=== Assigned task ===
For the entries below, copy exactly the line that contains "キュート恐竜トラクターボーイ新学期誕生日 セラミックオーナメント (右)" through the line that contains "this energetic triple-shaft", both ends included, and exclude all pictures.

=== Source data ===
[Start of section]

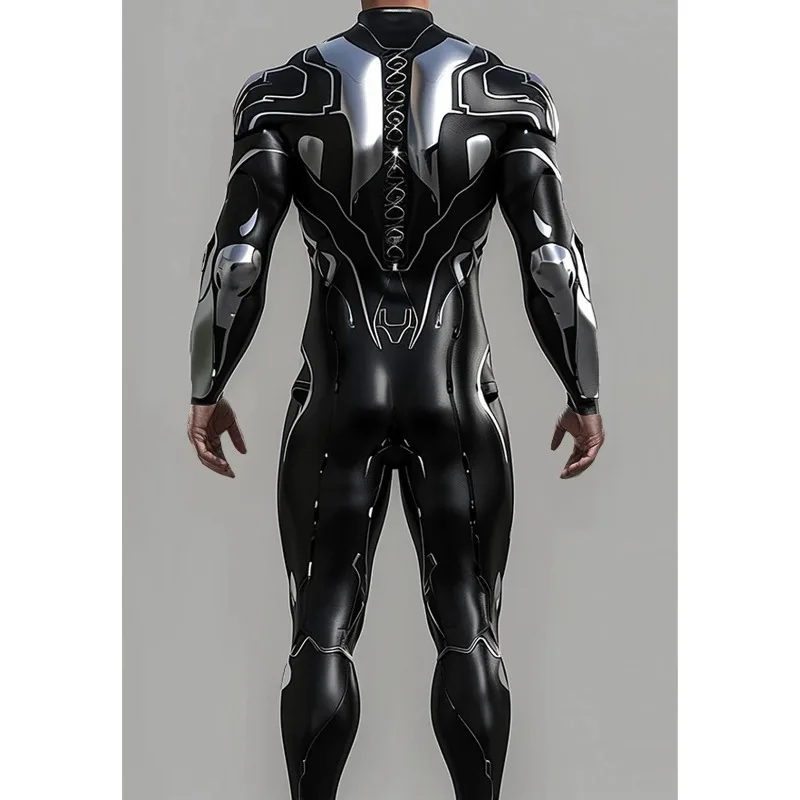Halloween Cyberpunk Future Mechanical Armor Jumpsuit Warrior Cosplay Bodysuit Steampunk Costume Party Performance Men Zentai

[End of section]
[Start of section]

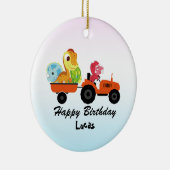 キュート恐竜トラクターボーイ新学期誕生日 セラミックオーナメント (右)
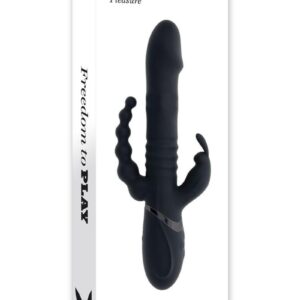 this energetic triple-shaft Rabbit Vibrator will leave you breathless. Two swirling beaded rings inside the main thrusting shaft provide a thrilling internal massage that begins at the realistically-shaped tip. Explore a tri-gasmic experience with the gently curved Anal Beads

[End of section]

=== Your solution ===
 キュート恐竜トラクターボーイ新学期誕生日 セラミックオーナメント (右)
 this energetic triple-shaft Rabbit Vibrator will leave you breathless. Two swirling beaded rings inside the main thrusting shaft provide a thrilling internal massage that begins at the realistically-shaped tip. Explore a tri-gasmic experience with the gently curved Anal Beads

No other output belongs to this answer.